A Tumultuous History of Producing in Alaska

Posted: April 26, 2022

In a time when energy independence should be above all else, the Biden administration continues to create policies that make domestic production difficult. Just today, the BLM announced that the amount of land available for offshore oil and gas drilling in Alaska’s Northeast National Petroleum Reserve would be reduced. This isn’t the first time drilling in Alaska has proved controversial. This article will explore the history of policies surrounding oil and gas drilling in Alaska, and attempt to argue why drilling here is critical.

The Purchase

The United States formally purchased Alaska from Russia on October 18, 1867. At the time, Russia was exhausted with defending and managing this remote territory and decided it would rather sell the territory to the US than lose it to an enemy like Great Britain. The purchase was finalized for $7.2 million or less than 2 cents per acre. The Secretary of State, William Henry Seward, was the topic of much public discourse as the people of the United States felt the land was barren and worthless.

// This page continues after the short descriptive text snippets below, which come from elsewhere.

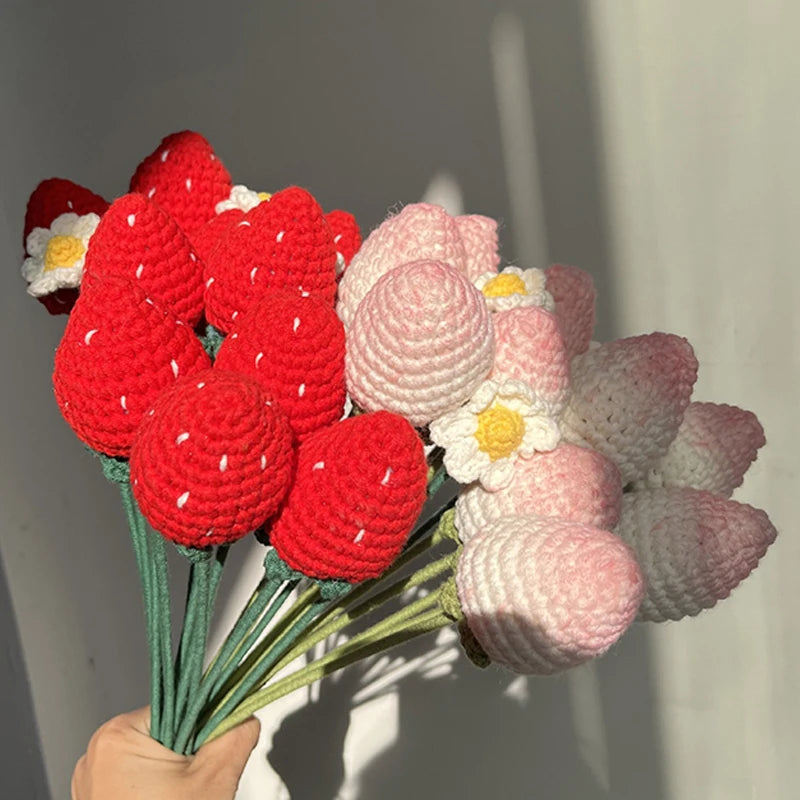 Hand Woven Strawberry Finished Eternal Flower Bouquet Crochet Simulated Flower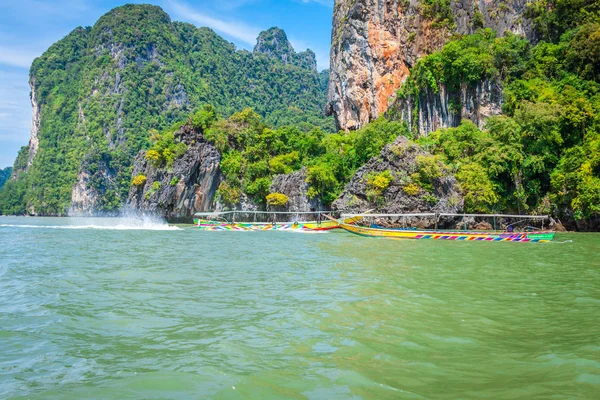 Πουκέτ, Ταϊλάνδη, 7 Δεκεμβρίου, 2013:Phang Nga Bay ταξίδι στην μακρά ουρά — Φωτογραφία Αρχείου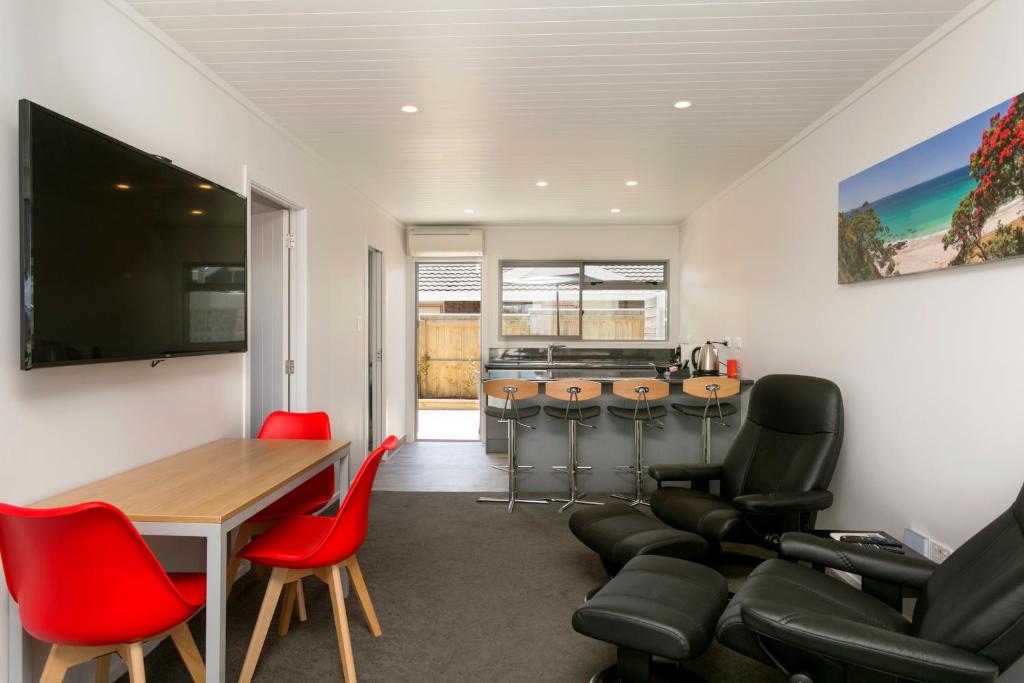 10 Best Self-Catering Accommodations in Taupo 🍽️ [2025]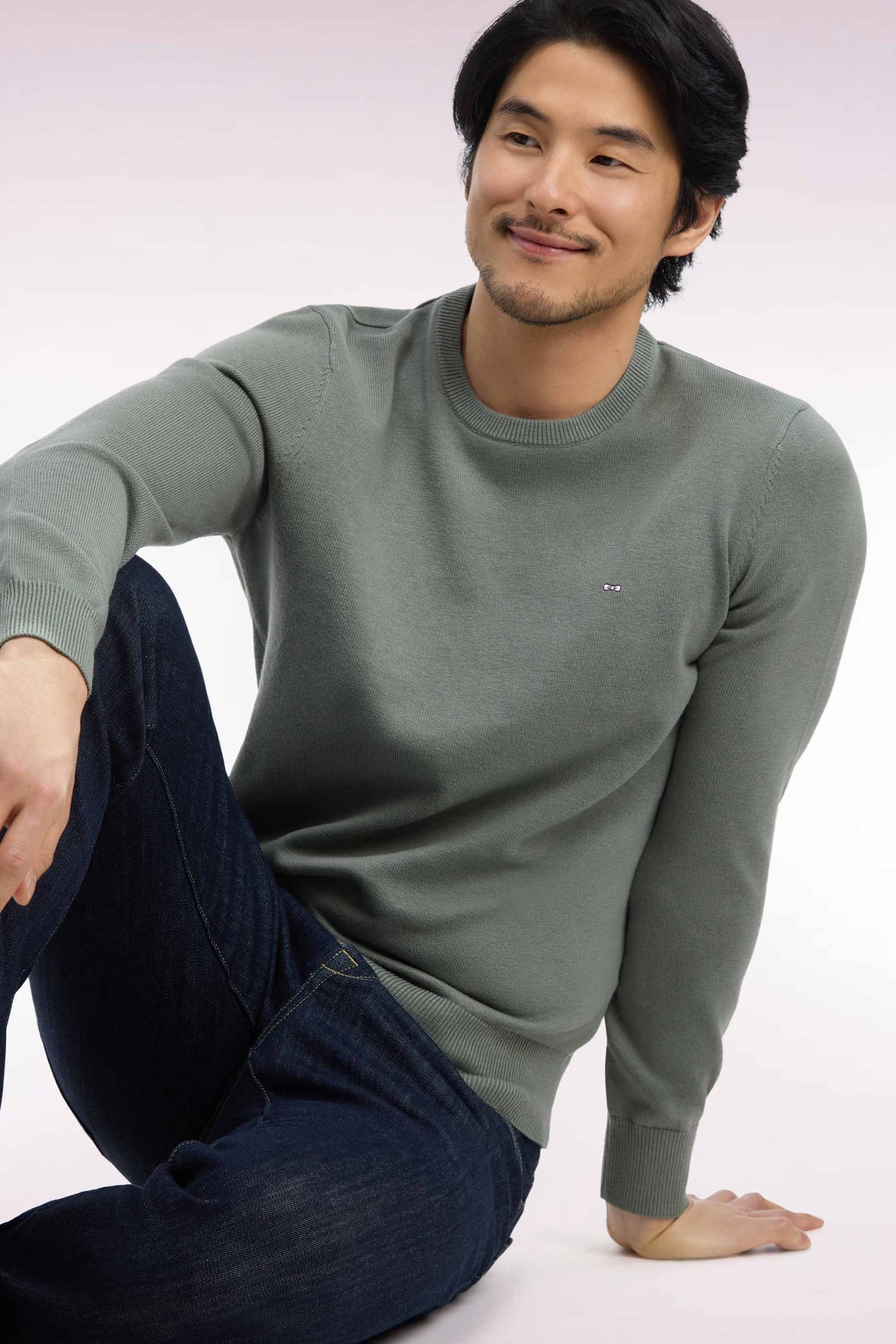 Round neck sweater in olive green wool and cotton, straight cut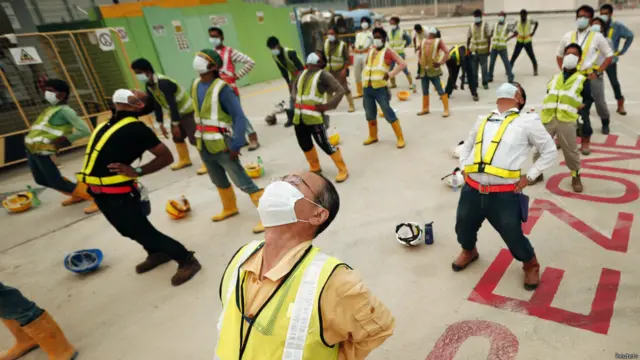 Para pekerja bangunan di Singapura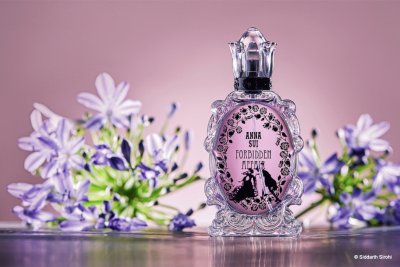 Forbidden Affair Perfume-India jigsaw puzzle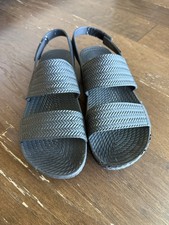Reef Water Vista Black Woman  s Sandals Size 10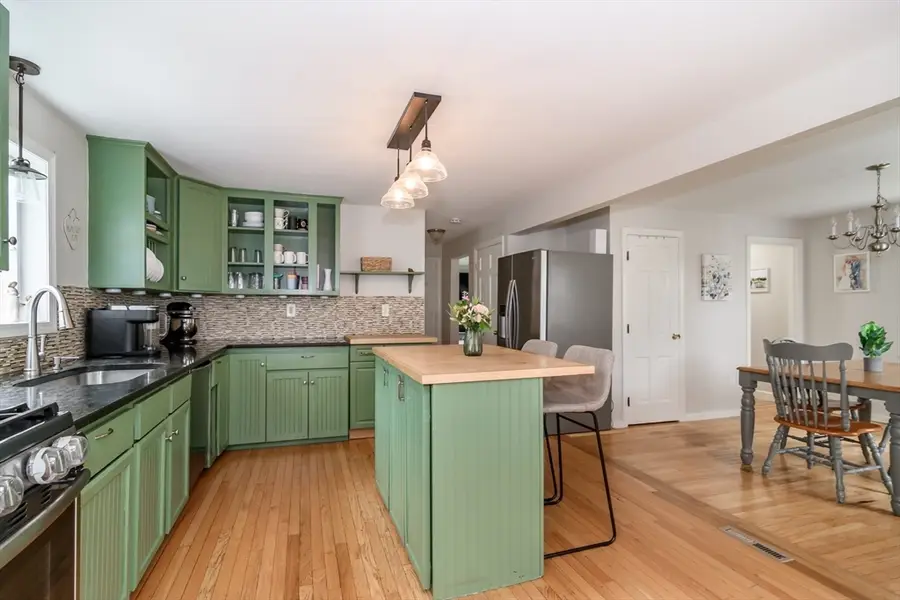 39 Old North Road, Hudson, MA 01749 - #3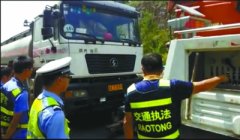 装载18吨汽 油罐车趴窝高速路 各方紧急排险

That sentiment was entirely reversed once gold was discovered in Alaska in 1899. The rush was on, and a chapter of mineral resources was opened for the soon-to-be 48th state.

Prospectors Ascending Chilkoot Pass in Seach of Gold
By Cantwell, George G. – Library University Washington; first published in 1900, “The Klondike, a souvenir”

The Oil

Oil was first discovered on the North Coast in the early 1900s, though production was difficult due to the remote location and lack of interest from larger producers. In 1923, President Warren Harding penned the oil-producing area as the “Naval Petroleum Reserve-Alaska” the fourth of several territories that would be set aside for emergency reserves for a navy that was transitioning from coal to oil. Eventually, people began to explore East of the NPRA and found lots of oil in Prudhoe bay around 1968. By 1977 the Trans-Alaska Pipeline was constructed and Alaska was reaping the rewards of this new boom. State budgets from 1980 onward have been funded largely in part by the oil that was being produced within its boundaries, and even the residents benefited from the repeal of income tax. Since then, Alaska has been responsible for lots of American oil and gas production.

The first Alaska oil well (1902)
Photo courtesy University of Alaska Fairbanks Archives.

The Political Tug of War

Before Prudhoe Bay had been well established as an oil and gas town, Eisenhower was looking to preserve plenty of land for future generations. Included in his package was the Artic National Wildlife Range which is most often referred to as ANWR today. Protections for the land became increasingly important as time progressed, and in 1977 things came to a head. Section 1002 of the ANWR was especially productive in terms of oil and gas production, but also identified as essential for local wildlife. The argument stemmed from there: To drill or not to drill? Administrations since then have fought to change permissions afforded to producing companies. The battle between the philosophies of development and conservation was on, and it has not cooled off since.

Some of the most prophetic oil and gas producing areas of Alaska – From the US Geological Survey (2002) Resource Assessment of NPRA

The Biden Administration

While the battle inland rages on, the Biden administration has now taken to the seas. The BLM announced on April 26, 2022 that it would be reducing the amount of land that can be used for offshore drilling off the coast of Alaska’s Northeast National Petroleum Reserve. The 91-page document highlights the fact that the decision was made after more than a decade of research and communication from a wide variety of stakeholders. This comes after the Biden Administration’s decision to suspend all leasing in the ANWR in June of 2021. Nobody was surprised at this action which essentially reversed the Trump administration’s decision to expand operations in the Arctic. Already the state of Alaska’s government has introduced a bill allowing $2 million of state budget money to be used in lawsuits against the Biden administration (a move that has become popular for many oil-producing states). While the presidential administration is worried about conservation, the Alaska government is worried about having the money to function for its people.

The Continuation of Tradition

While the internet’s outrage is growing from both sides, this is a political move Alaska has seen before. Even the Obama administration put a 5-year plan to make drilling in 2 key areas of the Arctic illegal in a last-ditch effort to limit Trump’s influence. Eventually, a Republican administration will push back against the Biden administration, and the cycle will continue. Conservation has been ingrained in America’s recent history, and this is a conflict that will wage on for generations.